[Try it]: Every record is to be printed exactly as written; pictures are to be omitted.

[Material provided]:
——
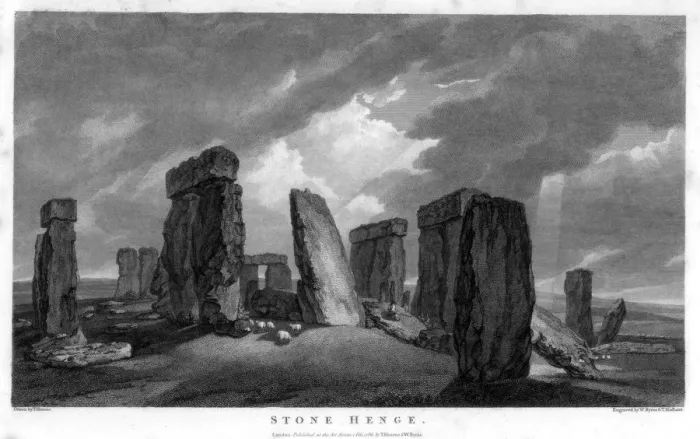 Framed Print : Stonehenge, 1786. Artist: William Byrne Framed Print : Stonehenge, 1786. Artist: William Byrne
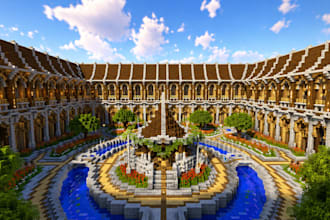 design minecraft server spawns, rpg world and custom builds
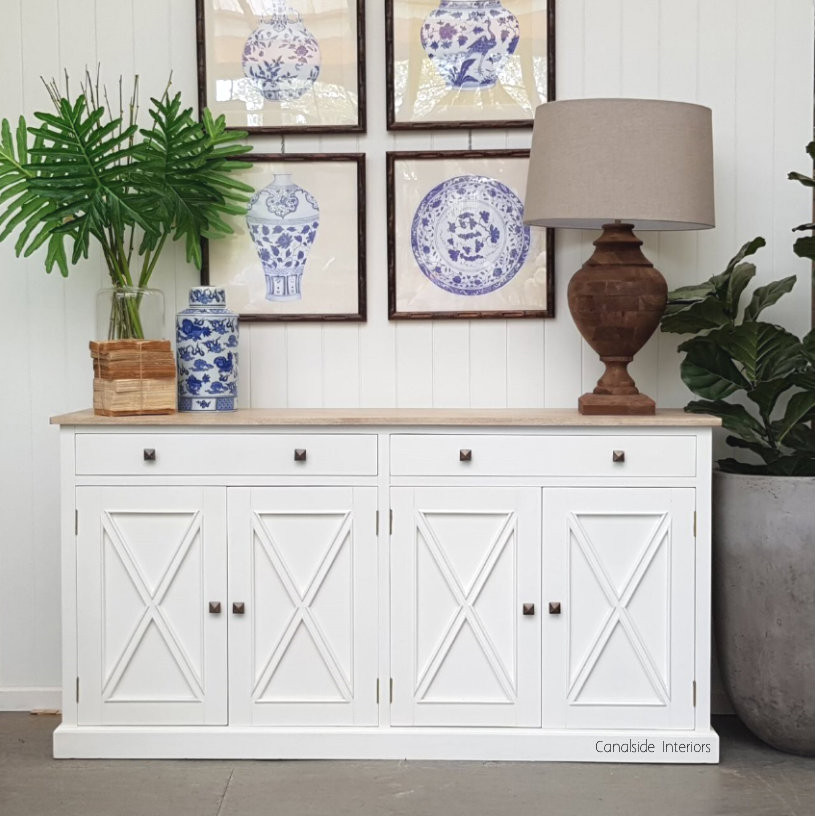 South Hamptons 4 Door Buffet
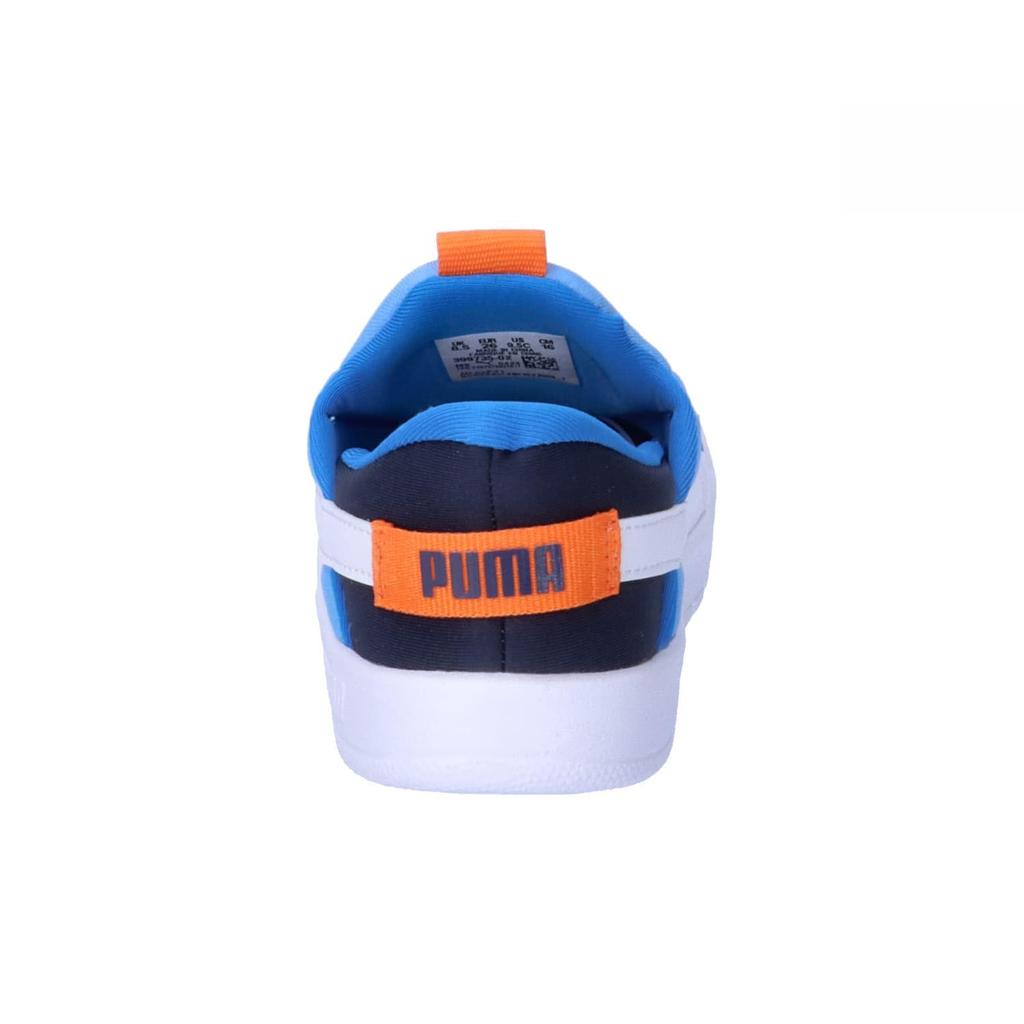 PUMA Courtflex v3 EASE IN Infant Unisex 2024 Team Light Navy Size cm Sneakers, Fall/Winter Colorway, Blue/Puma White/Club (02), 14.0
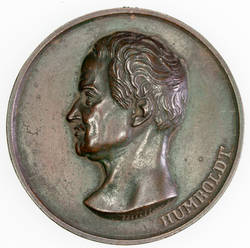 Medaillon  Alexander von Humboldt (1769-1859)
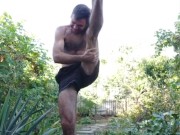 End of the day in the garden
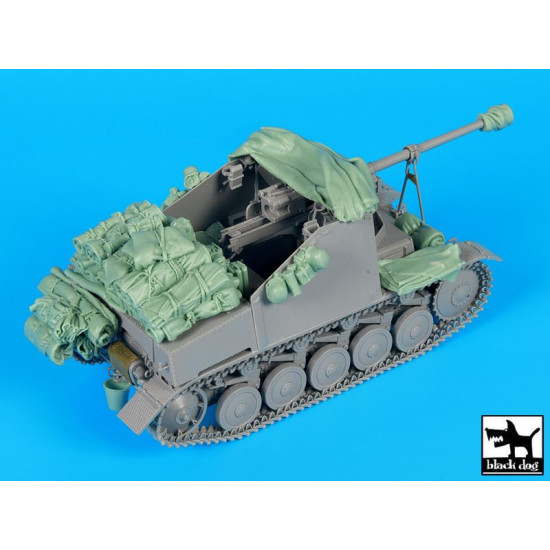 Black Dog T35212 1/35 Marder II Sd.Kfz. 131 accessories set fot Dragon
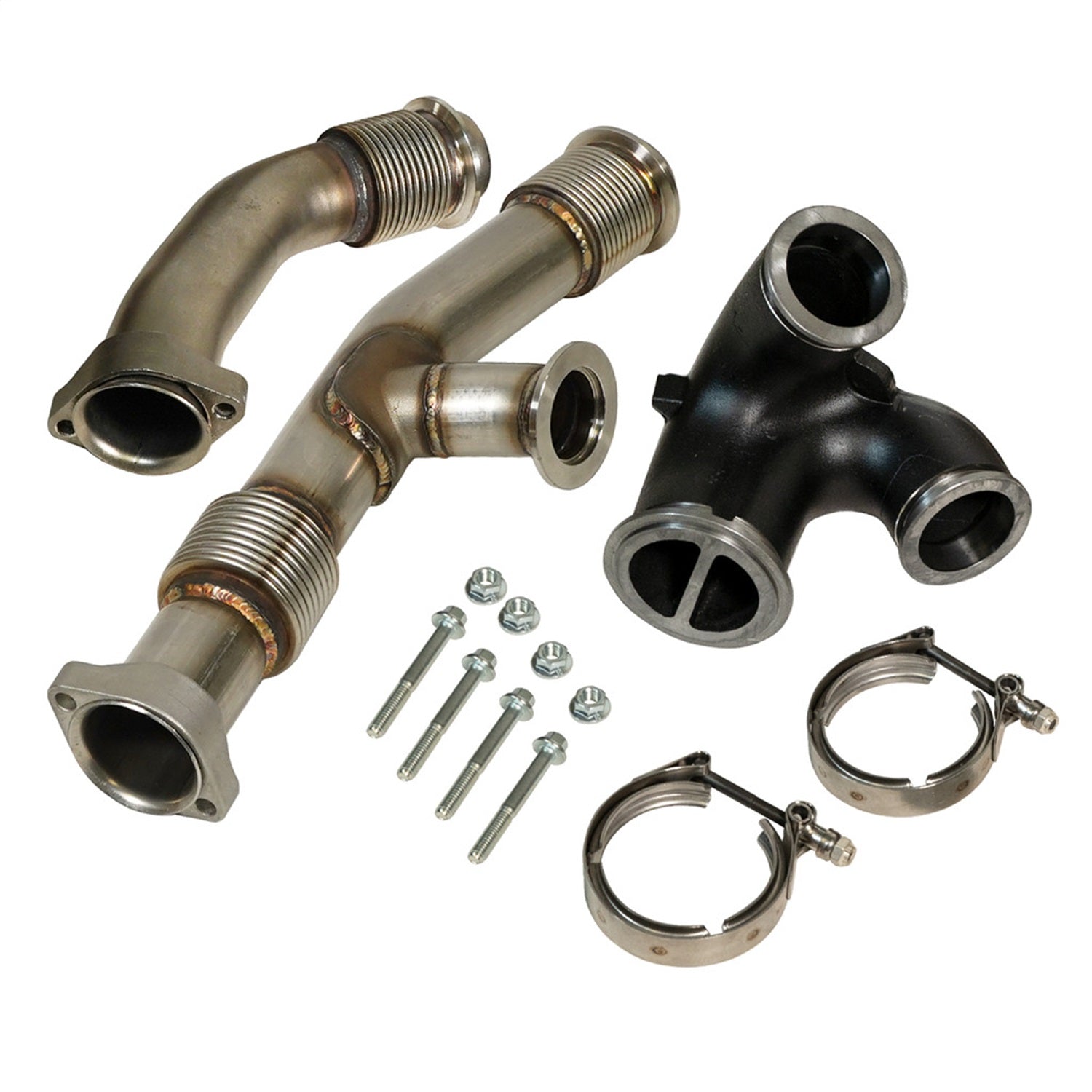 BD Diesel 1043917 Turbocharger UpPipes Kit; w/EGR Connector; BD Diesel 1043917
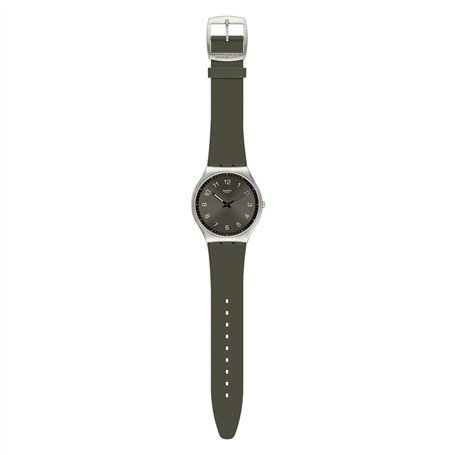Swatch Hommes Analogique Quartz Suisse Montre avec Bracelet en Caoutchouc SS07S103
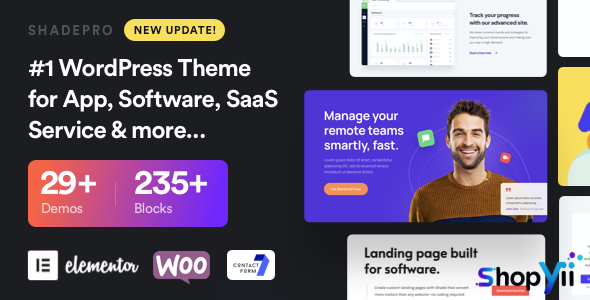 ShadePro v3.2.6 - Startup & SaaS WordPress Theme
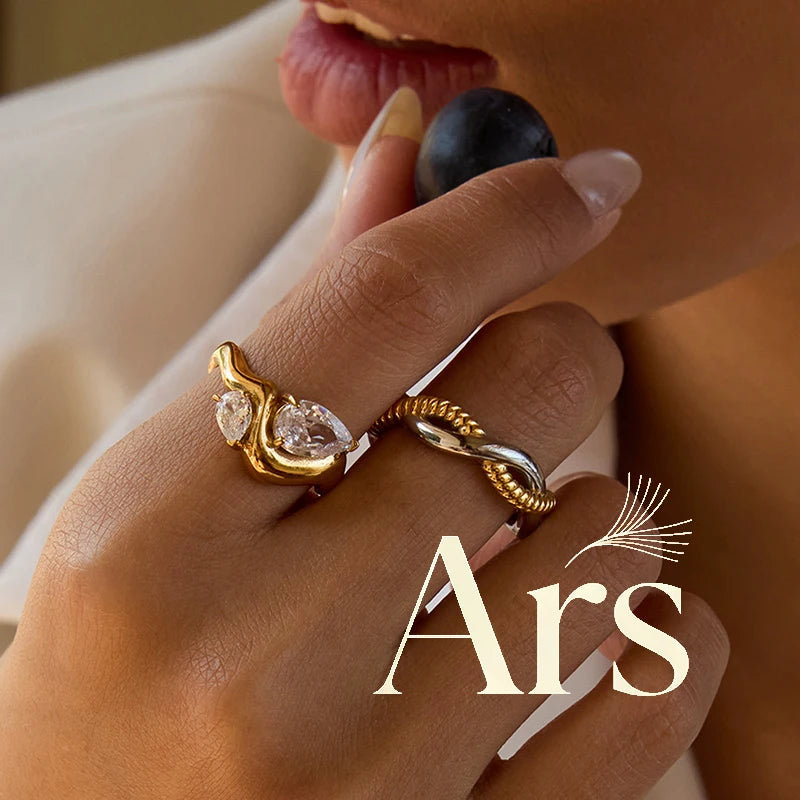 Anillo Chapado en Oro 18k Con Circonitas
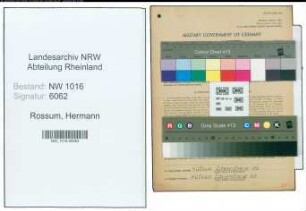 Entnazifizierung Hermann Van Rossum , geb. 24.12.1897 (Friseur)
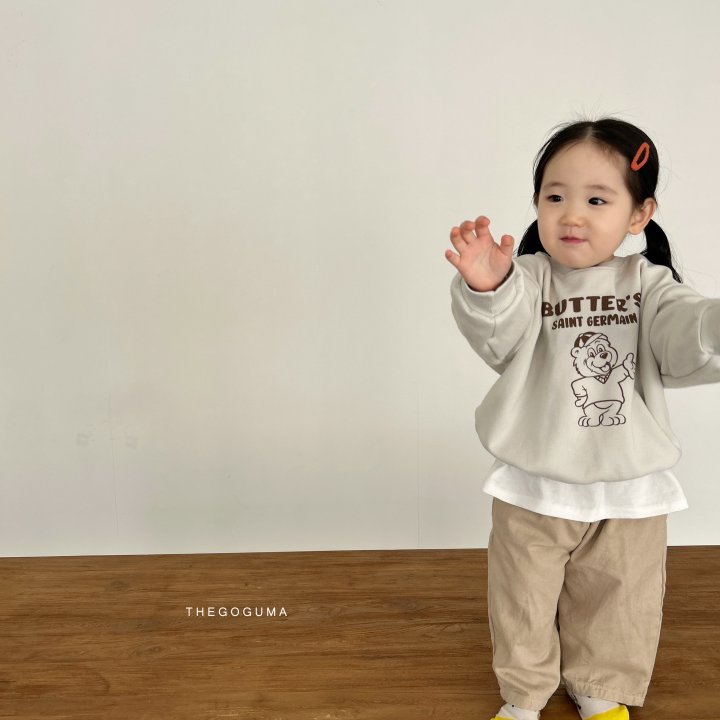 Thegoguma - Korean Children Fashion - #toddlerclothing - Butter Bear Sweatshirts - 2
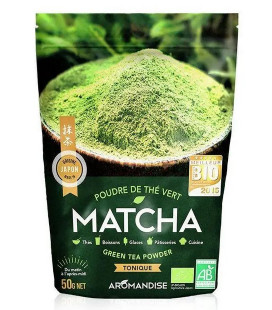 Poudre de thé vert bio japonais Matcha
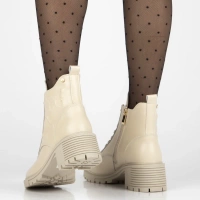 Leather ankle boots Filippo DBT7133/25 BE beige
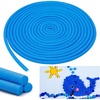 image:imageFrienda 58 Inch x 40 ft Orange Foam Noodles for Crafts Versatile Pool Noodles Foam Tubes Cylinder Rods for Modeling DIY Arts and Crafts SuppliesBlue
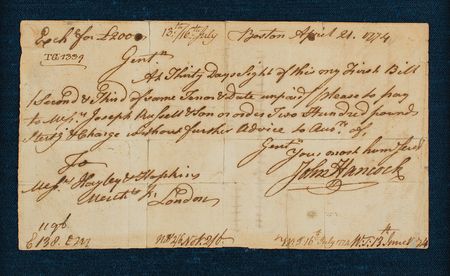 Lot #129 John Hancock Autograph Document Signed - Image 2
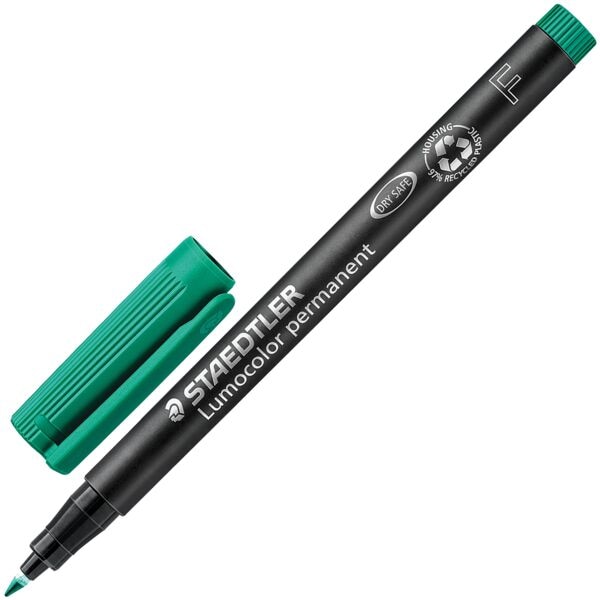 Staedtler Universalstift »Lumocolor permanent F« grün Image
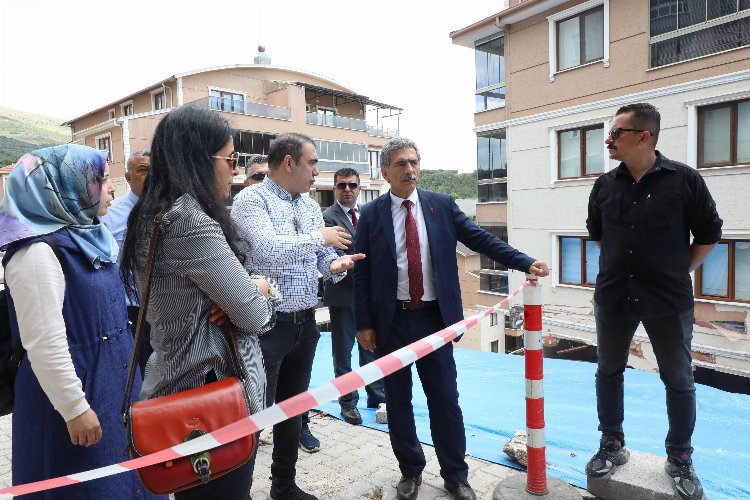 İstinat duvarı güvenliğinde belediye, üniversite ve BURKENT işbirliği -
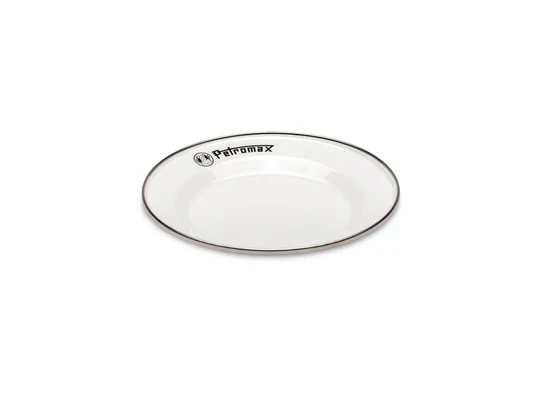 Petromax Set of 2 Enamel Plates - White (Various Sizes) - Image 2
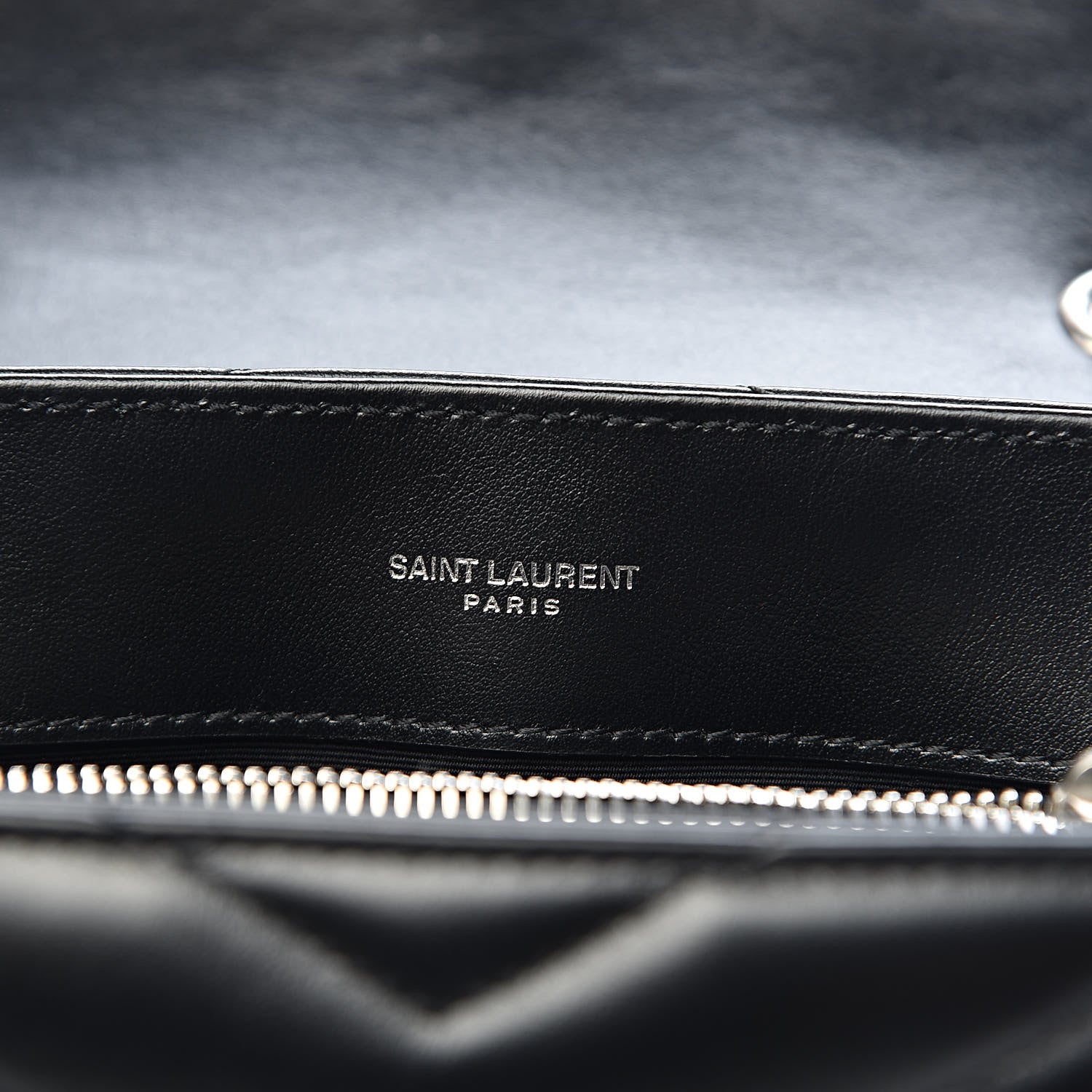 Saint Laurent Calfskin Y Quilted Monogram Small Loulou Chain Satchel Black 6 of 10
——
[Output]:
 Framed Print : Stonehenge, 1786. Artist: William Byrne Framed Print : Stonehenge, 1786. Artist: William Byrne
 design minecraft server spawns, rpg world and custom builds
 South Hamptons 4 Door Buffet
 PUMA Courtflex v3 EASE IN Infant Unisex 2024 Team Light Navy Size cm Sneakers, Fall/Winter Colorway, Blue/Puma White/Club (02), 14.0
 Medaillon  Alexander von Humboldt (1769-1859)
 End of the day in the garden
 Black Dog T35212 1/35 Marder II Sd.Kfz. 131 accessories set fot Dragon
 BD Diesel 1043917 Turbocharger UpPipes Kit; w/EGR Connector; BD Diesel 1043917
Swatch Hommes Analogique Quartz Suisse Montre avec Bracelet en Caoutchouc SS07S103
 ShadePro v3.2.6 - Startup & SaaS WordPress Theme
 Anillo Chapado en Oro 18k Con Circonitas
 Entnazifizierung Hermann Van Rossum , geb. 24.12.1897 (Friseur)
 Thegoguma - Korean Children Fashion - #toddlerclothing - Butter Bear Sweatshirts - 2
 Poudre de thé vert bio japonais Matcha
 Leather ankle boots Filippo DBT7133/25 BE beige
 image:imageFrienda 58 Inch x 40 ft Orange Foam Noodles for Crafts Versatile Pool Noodles Foam Tubes Cylinder Rods for Modeling DIY Arts and Crafts SuppliesBlue
 Lot #129 John Hancock Autograph Document Signed - Image 2
 Staedtler Universalstift »Lumocolor permanent F« grün Image
 İstinat duvarı güvenliğinde belediye, üniversite ve BURKENT işbirliği -
 Petromax Set of 2 Enamel Plates - White (Various Sizes) - Image 2
 Saint Laurent Calfskin Y Quilted Monogram Small Loulou Chain Satchel Black 6 of 10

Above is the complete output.